Here we can see that the '00:06.0 Class 0280: 8086:02f0' has completely dissapeared.

Using my "stop wifibox before sleep to release the PCI resource + start it back up later" approach in this way:


root@leslie:~ # cat /usr/local/etc/devd/wifibox.conf

# This is a `devd(8)` configuration file to run the resume action of
# wifibox on the ACPI resume event.  Review the contents and create a
# copy of it without the `.sample` extension to use it.  Restart the
# `devd` service once the file has been created.

notify 11 {
        match "system"          "ACPI";
        match "subsystem"       "Suspend";
        action "logger 'Stopping wifibox before suspend' && /usr/local/sbin/wifibox stop && /etc/rc.suspend acpi $notify";
};

notify 11 {
        match "system"          "ACPI";
        match "subsystem"       "Resume";
        action "/etc/rc.resume acpi $notify && logger 'Starting wifibox after resume and getting IP via DHCP' && /usr/local/sbin/wifibox start && /sbin/dhclient wifibox0";
};


we can see the following in the logs (correct flow on the host):

bridge0: Ethernet address: 58:9c:fc:10:ff:99
bridge0: changing name to 'wifibox0'
tap0: Ethernet address: 58:9c:fc:10:c0:3f
tap0: promiscuous mode enabled
wifibox0: link state changed to DOWN
ppt0 mem 0xea238000-0xea23bfff at device 20.3 on pci0
tap0: link state changed to UP
wifibox0: link state changed to UP
lo0: link state changed to UP


...

tap0: link state changed to DOWN
wifibox0: link state changed to DOWN
ppt0: detached
pci0: <network> at device 20.3 (no driver attached)
ue0: link state changed to UP
tap0: promiscuous mode disabled

...

ppt0: detached
pci0: <network> at device 20.3 (no driver attached)
ppt0 mem 0xea238000-0xea23bfff at device 20.3 on pci0
bridge0: Ethernet address: 58:9c:fc:10:ff:99
bridge0: changing name to 'wifibox0'
tap0: Ethernet address: 58:9c:fc:10:c0:3f
tap0: promiscuous mode enabled
wifibox0: link state changed to DOWN
tap0: link state changed to UP
wifibox0: link state changed to UP
tap0: link state changed to DOWN
wifibox0: link state changed to DOWN
ppt0: detached
pci0: <network> at device 20.3 (no driver attached)
ppt0 mem 0xea238000-0xea23bfff at device 20.3 on pci0
tap0: link state changed to UP
wifibox0: link state changed to UP
tap0: link state changed to DOWN
wifibox0: link state changed to DOWN
ppt0: detached
pci0: <network> at device 20.3 (no driver attached)
tap0: promiscuous mode disabled

Regarding the devd rule for wifibox, notice that in the Suspend action, the "/etc/rc.suspend acpi $notify" call is happening at the end.
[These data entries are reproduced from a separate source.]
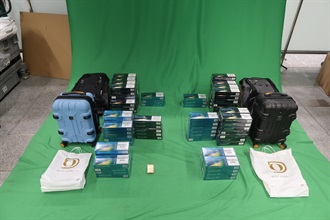 Two incoming passengers were both sentenced to three months' imprisonment and fined $2,000 by the West Kowloon Magistrates' Courts today (October 15) for possessing duty-not-paid cigarettes and failing to declare them to Customs officers, in contravention of the Dutiable Commodities Ordinance. Photo shows the duty-not-paid cigarettes seized.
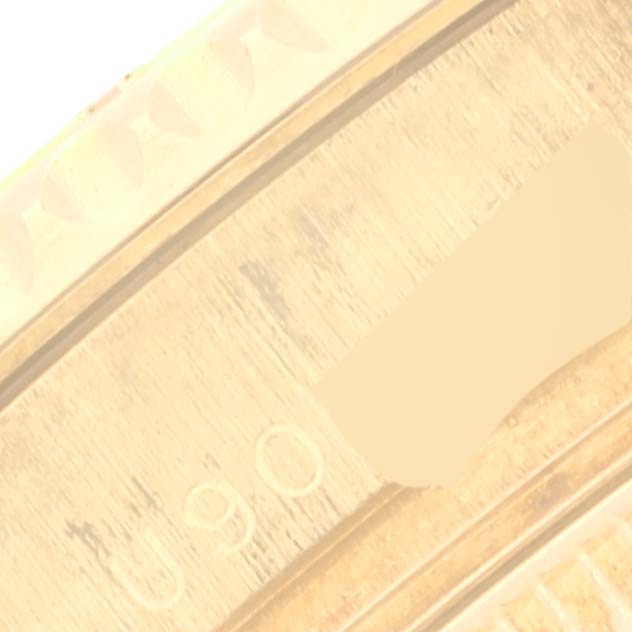 This image shows a close-up of the side of the Rolex Yacht-Master 68628 Men's Yellow Gold Blue Dial 68628 Men's Yellow Gold Blue Dial watch, highlighting part of the bezel and brushed metal finish.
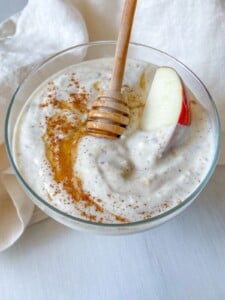 A glass bowl of creamy Yogurt Fruit Dip topped with honey, a sprinkle of cinnamon, and a slice of red apple. A honey dipper rests in the bowl, which sits on a white surface with a light cloth beside it.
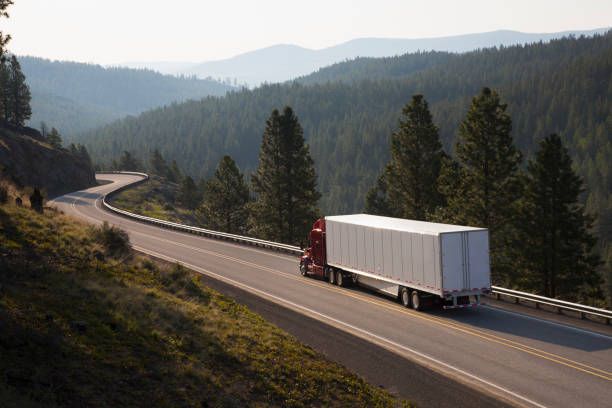 Red semi truck with white trailer driving on a winding mountain highway at sunrise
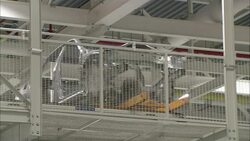 An automated conveyor moves an auto body across an automotive plant. Stock Footage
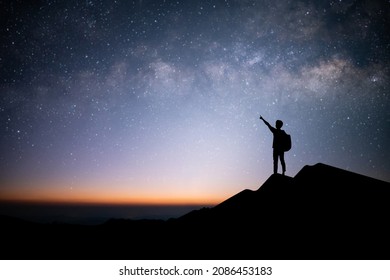 Silhouette of young traveler and backpacker raise your hand and point your finger at the stars and milky way in the sky. He enjoyed traveling and was successful when he reached the summit. - Powered by Shutterstock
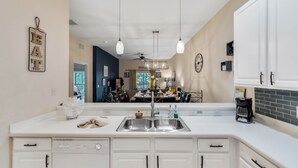 Una cocina moderna con una isla central, pileta doble e iluminación colgante.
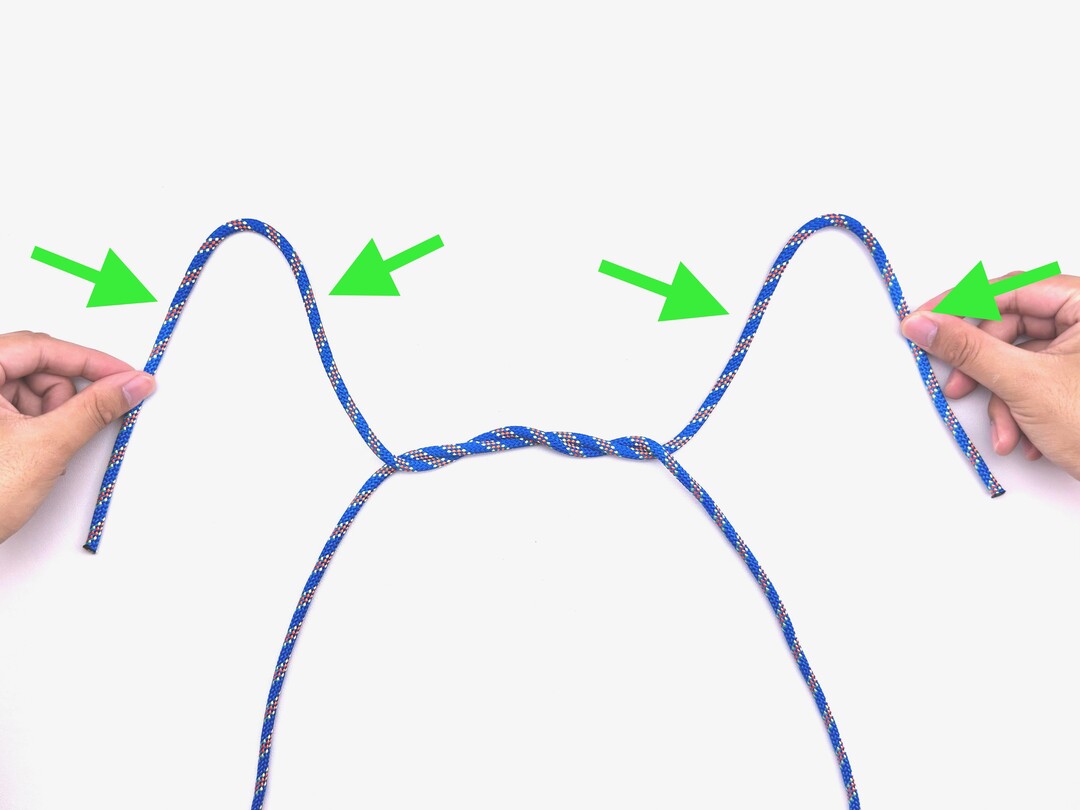Step 4 of tying the Turquoise Turtle Knot knot - detailed visual instruction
I'm suspecting this is behaving like a stack (and makes sense since we are basically reversing stuff when we suspend/resume). When I made that call in the beginning, the PCI passthrough issue arose, but when I placed it at the end it was fine. I'm guessing this is due to the suspend command being triggered and the wifibox section didn't have enough time to fully release the resources, thus it would yield the same issue that I mentioned before. Perhaps that rule can help further narrowing this issue down.

At the moment I'm testing some slight improvements to the devd workaround that 
PÁLI suggested which will help speed up the suspend/resume times and not need me to explicitly call the dhclient command. Ultimately, we'll want to fix the bhyve issue. I don't have any experience with bhyve or its internals but I can help with debugging across RELEASE/STABLE/CURRENT.

- Jonathan
Comment 1 Jonathan Vasquez 2022-08-06 13:43:46 UTC
I was able to reproduce this same issue on my Framework Laptop (Batch 6). The same workaround I described above also worked on it.